An exhibition at Oodi takes the visitor on tour into the library infrastructure

Art project by post-doctoral researcher Samir Bhowmik at Aalto University makes the hidden data and labour visible to the library goers.
Memory Machines by Samir Bhowmik

Memory Machines, a performative art project by artist, architect and researcher Samir Bhowmik combines dance, immersive theatre and circus with a guided walking tour that moves through the concealed infrastructural sites and operations of the new Central Library Oodi. The exhibition will open in January 2019.

“The point of the project is to make citizens and visitors aware of the vast infrastructure working in the background that makes the building’s operations possible. This infrastructure includes book sorting facilities, logistical operations, air-conditioning and heating, lighting and digital media systems. The visitors will gain knowledge about how libraries operate and understand the energy consumption, embodied energy, and the labor that goes into providing library services at Oodi”, explains Bhowmik. He has partnered with 00100 ENSEMBLE to produce the art project.

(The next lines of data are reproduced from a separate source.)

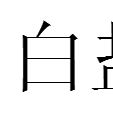白鹽 白鹽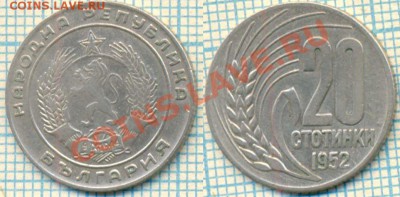 иностранные монеты на выбор 2 - 1952 20ст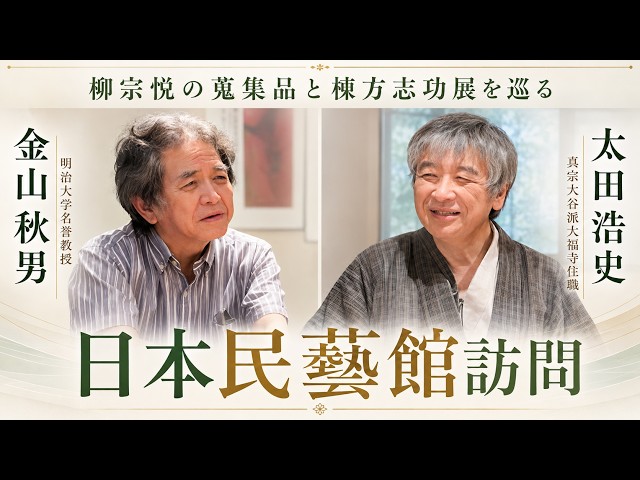 日本民藝館をたずねて】金山秋男・太田浩史住職と巡る〜柳宗悦の蒐集品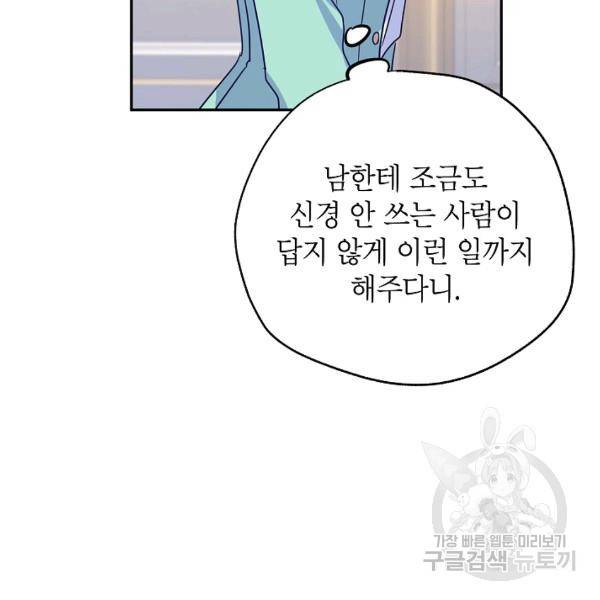 장르를 바꿔보도록 하겠습니다 26화 43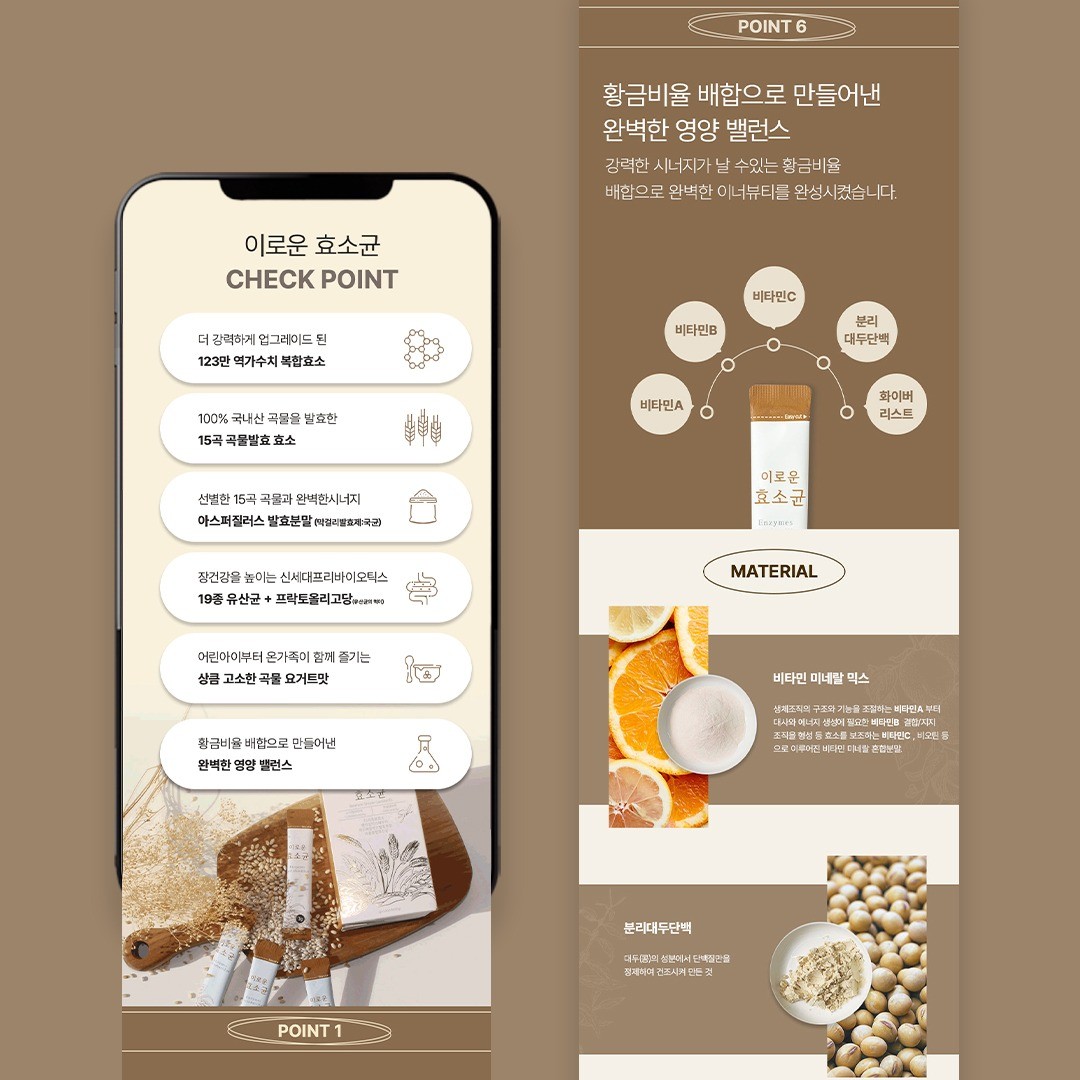 포트폴리오-[식품] 효소 상세페이지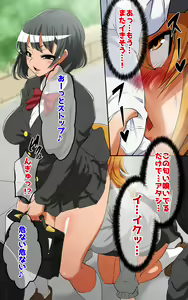 Page 214 of 驕れる者久しからず - preview thumbnail
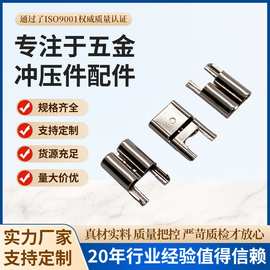 厂家生产汽车保险丝端子连体座端子中号6.3连体座插簧宽脚5.2端子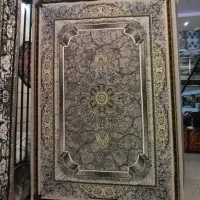 فرش نائین|فرش|خوی, |دیوار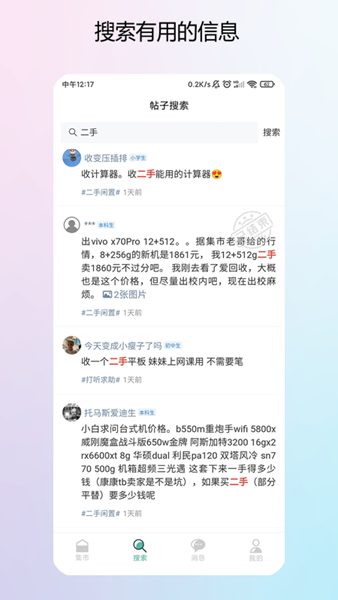 校园集市图片2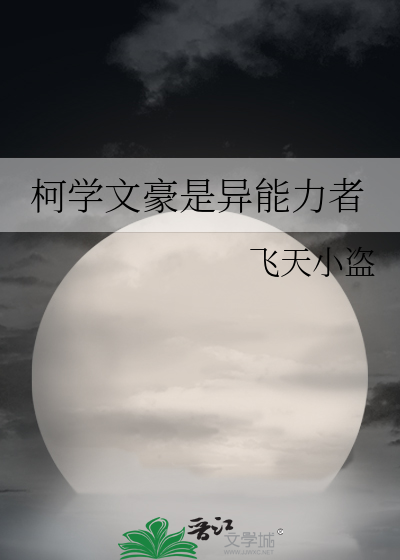 文豪穿名柯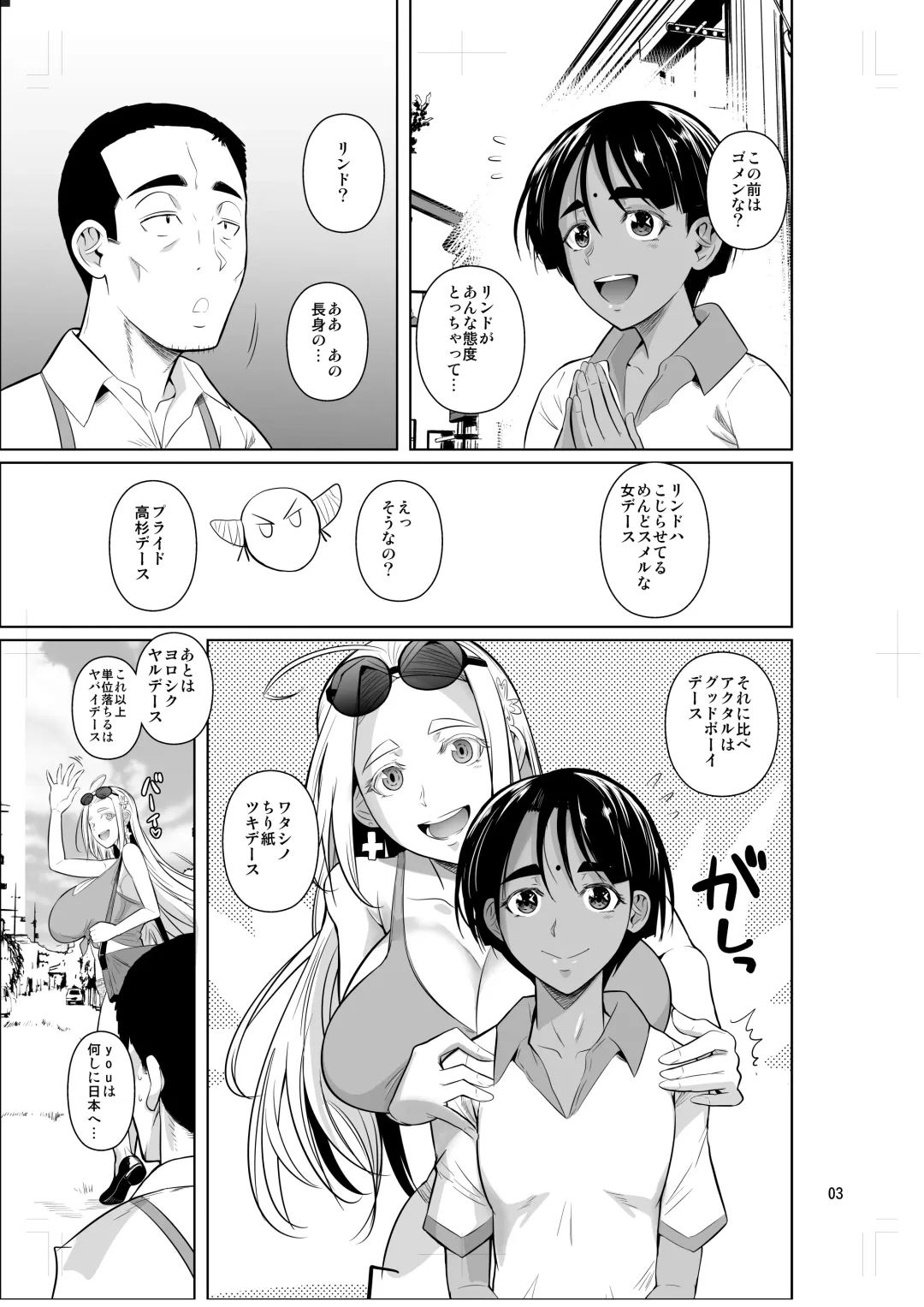 [Fuetakishi] Ryuugakuseiryou no Oshigoto 2 Fhentai - Page 4
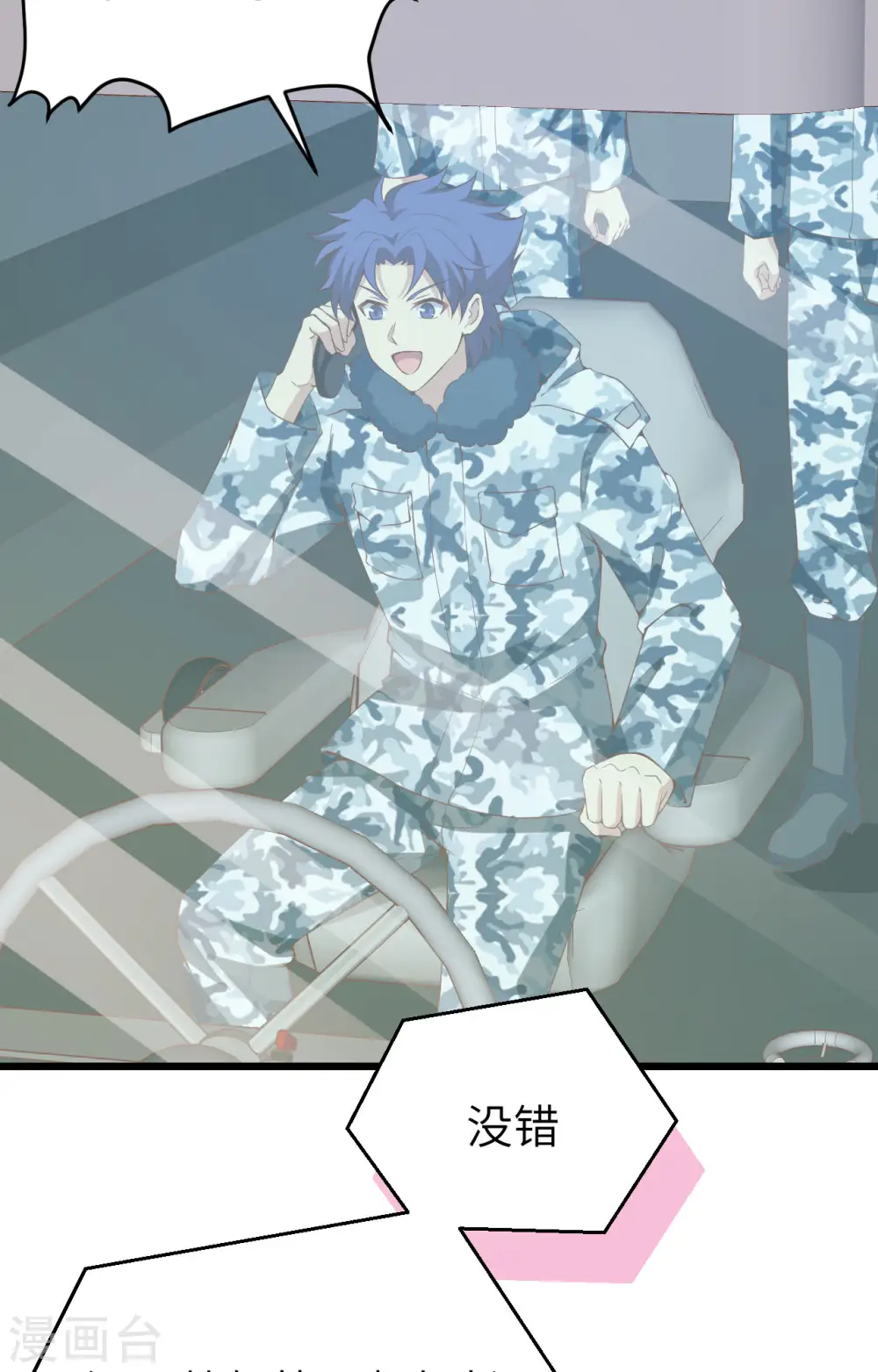 从今天开始当城主动态漫画漫画,第415话3图
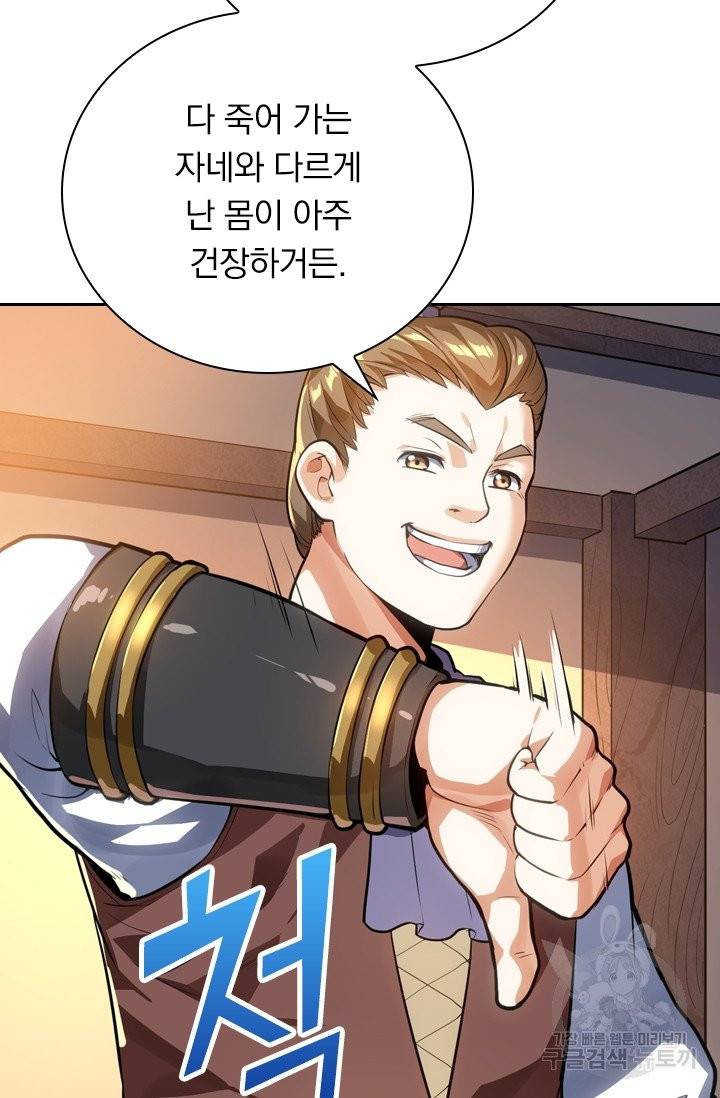 제존회귀록 11화 20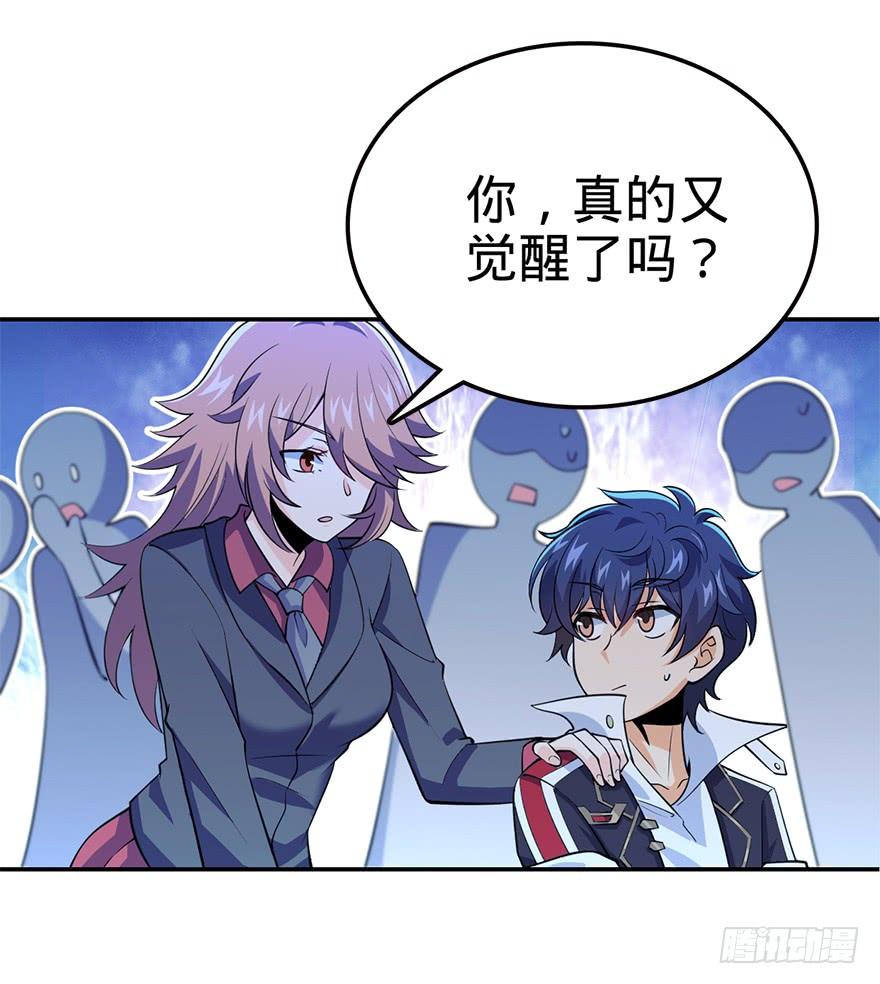 Spare Me, Great Lord! Ch.33 p21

It will be an exclusive event, as only three events are scheduled and thus the number of participants can only be between 15-20 per event. The work will be video-documented and will be exhibited in New York by the Finnish Cultural Institute in 2019.

Revealing the logics of neural nets

Bhowmik, along with other Finnish artists Tuomas A. Laitinen, and Jenna Sutela, was commissioned to create works that examine the new intelligences. The Library’s Other Intelligences is an art project organized by the MOBIUS Fellowship Program of the Finnish Cultural Institute in New York in collaboration with the Helsinki Public Library.

Visitors to the library will be invited to engage with the works ­– and with the new building – by attending live performances, embarking on expeditions, and reimagining how we will read, listen, and learn in a new techno-cultural future.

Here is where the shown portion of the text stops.